It seems that an American gentleman who was hanging around Sampson Cay during those years stole a load of someone’s drugs and stashed it on a nearby cay. Another gentleman, a Bahamian who lived on another cay a few more miles away decided to ‘tief back de tiefed’ drugs. He armed himself to the teeth and paid a visit to the American and his stash where the first words out of his mouth were ‘Nobody move, nobody get hurt!’ The Bahamian was successful and now owns a small bar on his home cay and the American didn’t move and was later deported, a persona non grata. The Bahamian in question soon had a fleet of three fast boats all named Nobody move, nobody get hurt! As a side note, the American paid another Bahamian, let’s call him Calico for lack of a better description and to avoid a lawsuit, $10,000 to ‘tief back his tiefed drugs’ and never saw Calico again. Remember Calico’s name, you will see it again in a few minutes.

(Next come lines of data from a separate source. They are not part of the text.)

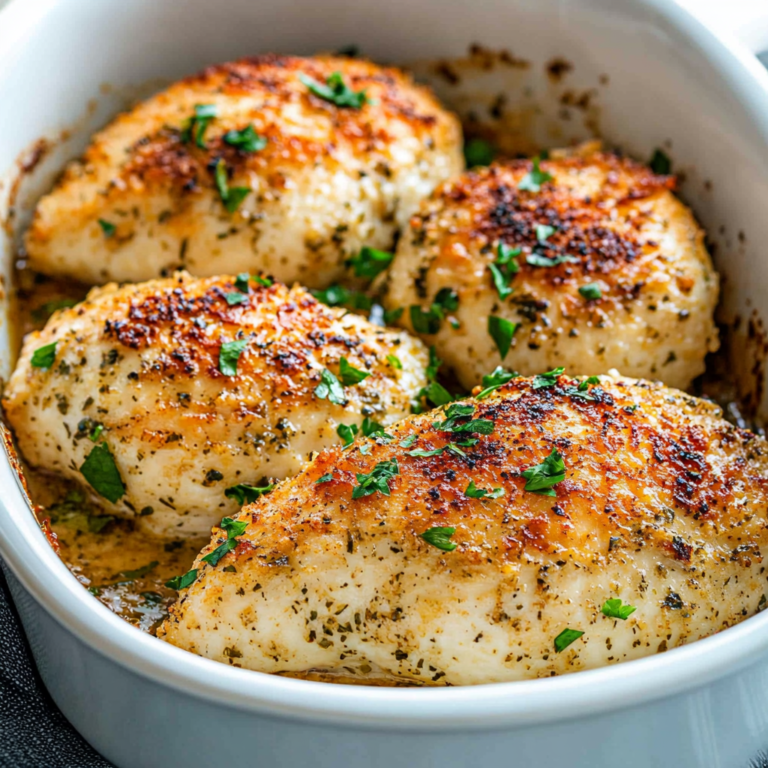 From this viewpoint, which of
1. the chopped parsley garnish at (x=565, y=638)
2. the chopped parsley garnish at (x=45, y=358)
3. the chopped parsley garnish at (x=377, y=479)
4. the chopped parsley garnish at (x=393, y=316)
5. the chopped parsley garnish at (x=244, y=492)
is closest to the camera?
the chopped parsley garnish at (x=565, y=638)

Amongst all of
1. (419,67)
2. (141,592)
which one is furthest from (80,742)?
(419,67)

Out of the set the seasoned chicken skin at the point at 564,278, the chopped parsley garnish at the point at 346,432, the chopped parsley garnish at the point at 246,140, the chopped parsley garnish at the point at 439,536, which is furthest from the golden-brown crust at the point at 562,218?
the chopped parsley garnish at the point at 439,536

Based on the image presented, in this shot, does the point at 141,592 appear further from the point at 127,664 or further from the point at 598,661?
the point at 598,661

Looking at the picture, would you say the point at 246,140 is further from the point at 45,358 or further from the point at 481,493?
the point at 481,493

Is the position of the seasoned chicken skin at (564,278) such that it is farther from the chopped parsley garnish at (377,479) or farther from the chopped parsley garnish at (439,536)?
the chopped parsley garnish at (439,536)

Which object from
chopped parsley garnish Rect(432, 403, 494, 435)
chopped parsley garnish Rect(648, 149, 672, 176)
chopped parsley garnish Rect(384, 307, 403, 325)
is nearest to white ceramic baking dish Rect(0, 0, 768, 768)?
chopped parsley garnish Rect(648, 149, 672, 176)

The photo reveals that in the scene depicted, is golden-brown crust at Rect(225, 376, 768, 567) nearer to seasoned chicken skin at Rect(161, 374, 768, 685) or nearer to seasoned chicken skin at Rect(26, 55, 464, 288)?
seasoned chicken skin at Rect(161, 374, 768, 685) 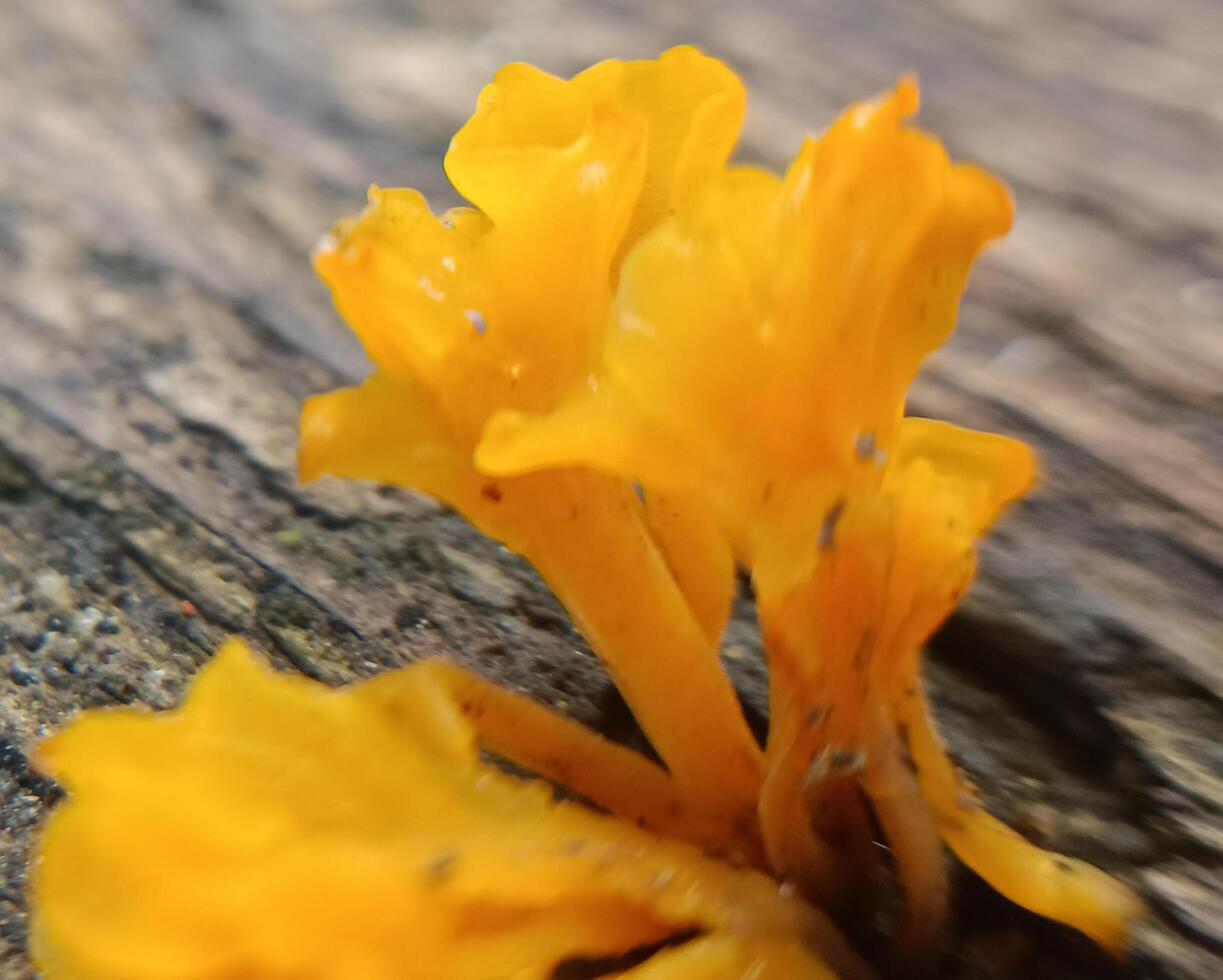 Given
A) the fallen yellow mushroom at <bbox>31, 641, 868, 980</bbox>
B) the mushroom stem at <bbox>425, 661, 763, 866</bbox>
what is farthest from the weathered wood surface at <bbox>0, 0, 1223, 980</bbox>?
the fallen yellow mushroom at <bbox>31, 641, 868, 980</bbox>

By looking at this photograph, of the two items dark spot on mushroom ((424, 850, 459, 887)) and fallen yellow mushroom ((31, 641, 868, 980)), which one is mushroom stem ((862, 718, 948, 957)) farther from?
dark spot on mushroom ((424, 850, 459, 887))

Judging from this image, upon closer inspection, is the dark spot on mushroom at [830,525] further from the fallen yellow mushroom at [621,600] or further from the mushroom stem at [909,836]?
the mushroom stem at [909,836]

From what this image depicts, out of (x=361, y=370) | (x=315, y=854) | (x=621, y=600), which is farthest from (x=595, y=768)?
(x=361, y=370)

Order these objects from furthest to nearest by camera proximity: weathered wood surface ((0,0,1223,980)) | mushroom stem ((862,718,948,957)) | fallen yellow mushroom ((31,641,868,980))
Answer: weathered wood surface ((0,0,1223,980)) < mushroom stem ((862,718,948,957)) < fallen yellow mushroom ((31,641,868,980))

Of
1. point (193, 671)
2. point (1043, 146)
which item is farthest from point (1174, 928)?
point (1043, 146)

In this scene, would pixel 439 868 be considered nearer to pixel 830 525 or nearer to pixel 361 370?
pixel 830 525

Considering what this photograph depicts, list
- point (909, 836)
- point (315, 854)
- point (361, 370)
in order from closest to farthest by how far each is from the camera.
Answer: point (315, 854) → point (909, 836) → point (361, 370)

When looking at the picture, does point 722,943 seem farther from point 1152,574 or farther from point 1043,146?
point 1043,146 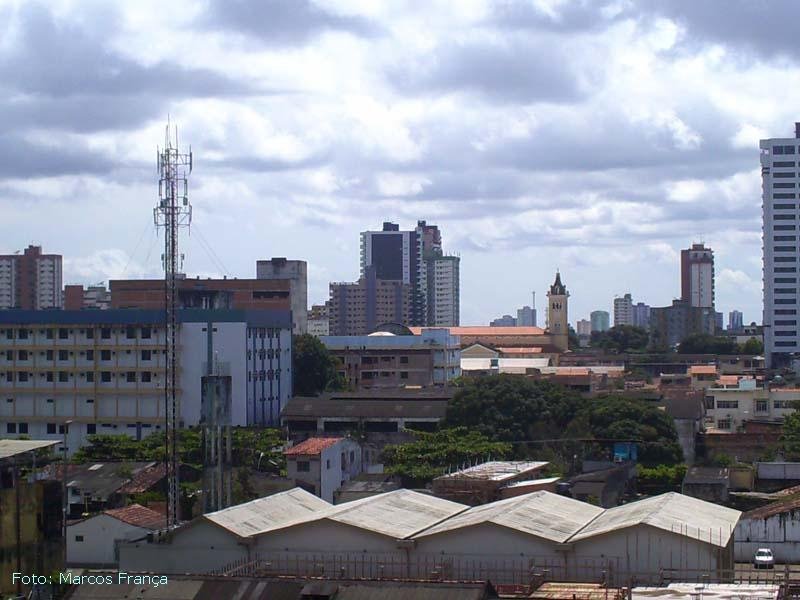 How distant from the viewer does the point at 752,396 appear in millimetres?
57719

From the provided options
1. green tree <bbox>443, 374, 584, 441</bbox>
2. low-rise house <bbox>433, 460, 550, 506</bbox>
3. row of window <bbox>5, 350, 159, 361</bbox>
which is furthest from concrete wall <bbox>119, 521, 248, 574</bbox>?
row of window <bbox>5, 350, 159, 361</bbox>

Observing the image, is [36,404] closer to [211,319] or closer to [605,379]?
[211,319]

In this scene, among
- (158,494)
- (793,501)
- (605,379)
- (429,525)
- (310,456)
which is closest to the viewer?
(429,525)

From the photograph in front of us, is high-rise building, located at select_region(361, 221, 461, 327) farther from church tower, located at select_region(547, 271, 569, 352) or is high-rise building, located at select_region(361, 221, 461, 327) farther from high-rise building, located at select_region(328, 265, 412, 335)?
church tower, located at select_region(547, 271, 569, 352)

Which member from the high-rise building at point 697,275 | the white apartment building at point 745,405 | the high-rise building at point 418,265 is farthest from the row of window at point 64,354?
the high-rise building at point 697,275

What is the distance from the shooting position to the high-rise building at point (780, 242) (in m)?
95.1

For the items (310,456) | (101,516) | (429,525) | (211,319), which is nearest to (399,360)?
(211,319)

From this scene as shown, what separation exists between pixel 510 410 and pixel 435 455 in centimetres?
809

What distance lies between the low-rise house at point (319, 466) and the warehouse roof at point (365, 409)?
10042 mm

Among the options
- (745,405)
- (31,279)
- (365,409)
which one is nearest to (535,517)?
(365,409)

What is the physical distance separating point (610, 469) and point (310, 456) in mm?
9058

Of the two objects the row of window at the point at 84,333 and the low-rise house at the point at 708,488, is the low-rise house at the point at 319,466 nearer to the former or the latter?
the low-rise house at the point at 708,488

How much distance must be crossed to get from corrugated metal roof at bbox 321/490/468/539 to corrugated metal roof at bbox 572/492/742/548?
10.9ft

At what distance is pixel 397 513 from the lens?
2680 centimetres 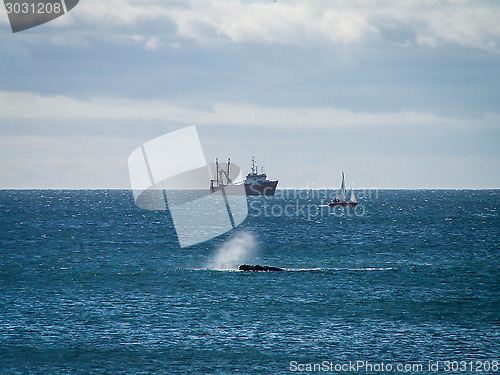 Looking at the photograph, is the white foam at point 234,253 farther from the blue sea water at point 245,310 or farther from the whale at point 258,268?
the whale at point 258,268

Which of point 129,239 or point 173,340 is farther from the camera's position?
point 129,239

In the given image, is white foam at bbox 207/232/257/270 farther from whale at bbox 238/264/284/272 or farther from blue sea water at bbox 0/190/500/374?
whale at bbox 238/264/284/272

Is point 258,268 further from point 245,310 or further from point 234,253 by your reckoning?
point 234,253

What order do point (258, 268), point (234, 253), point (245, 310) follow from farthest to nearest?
point (234, 253), point (258, 268), point (245, 310)

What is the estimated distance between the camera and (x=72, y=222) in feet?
534

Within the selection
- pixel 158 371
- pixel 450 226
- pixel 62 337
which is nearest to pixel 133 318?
pixel 62 337

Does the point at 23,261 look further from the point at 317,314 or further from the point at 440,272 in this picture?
the point at 440,272

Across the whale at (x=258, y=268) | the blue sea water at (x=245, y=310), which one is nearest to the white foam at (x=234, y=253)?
the blue sea water at (x=245, y=310)

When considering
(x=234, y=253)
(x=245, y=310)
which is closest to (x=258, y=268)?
→ (x=245, y=310)

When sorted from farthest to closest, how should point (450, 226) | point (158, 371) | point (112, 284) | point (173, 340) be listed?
point (450, 226) → point (112, 284) → point (173, 340) → point (158, 371)

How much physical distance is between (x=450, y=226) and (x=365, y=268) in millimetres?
80596

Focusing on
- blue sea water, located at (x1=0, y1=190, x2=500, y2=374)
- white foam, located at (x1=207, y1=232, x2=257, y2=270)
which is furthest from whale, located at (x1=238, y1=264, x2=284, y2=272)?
white foam, located at (x1=207, y1=232, x2=257, y2=270)

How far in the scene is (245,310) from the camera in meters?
52.4

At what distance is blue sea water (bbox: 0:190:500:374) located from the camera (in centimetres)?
3978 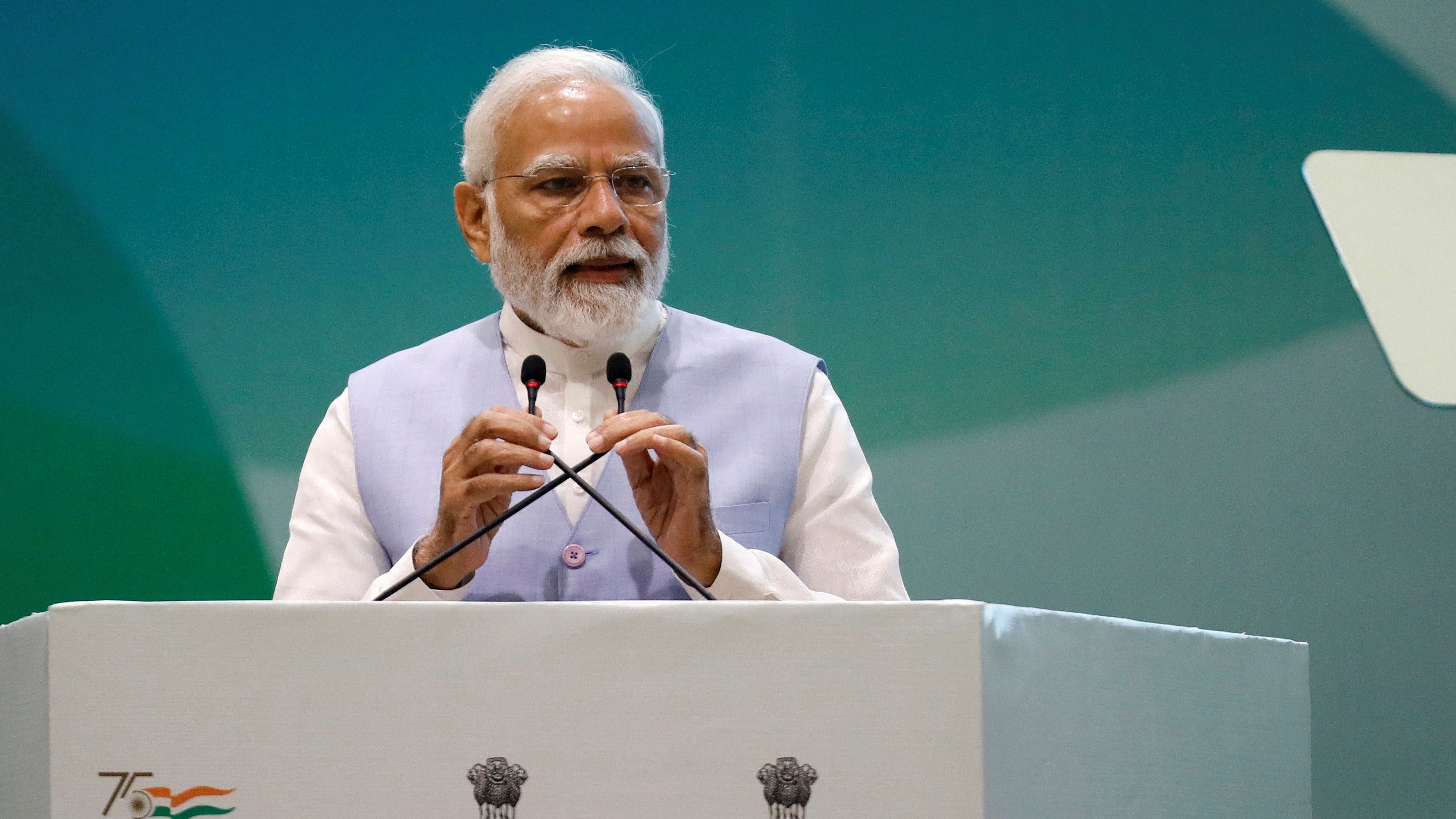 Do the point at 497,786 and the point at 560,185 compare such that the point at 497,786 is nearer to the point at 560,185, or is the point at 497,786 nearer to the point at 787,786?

Just off the island of Little Exuma sits Pigeon Cay, a pleasant anchorage in settled weather and a great spot in the late 1970’s for smugglers to load and transfer shipments of drugs to various other areas of The Bahamas. There were a lot of small fast boats operating in these waters during these years. One day a friend of mine was driving over the bridge at The Ferry and saw an estimated 25-30 small cigarette type boats milling about. They were waiting for gasoline and soon a fuel truck pulled up onto the bridge and dropped its hose over the side to feed his customers. Just south of The Ferry sits the remains of the old Sanddollar Inn. Back in the smuggling heyday it was used by smugglers as a home away from home. The guys driving the boats didn’t want anybody to trace them back to their homes so they would live at the Sanddollar for weeks or months at time to keep the heat off their families and their homes.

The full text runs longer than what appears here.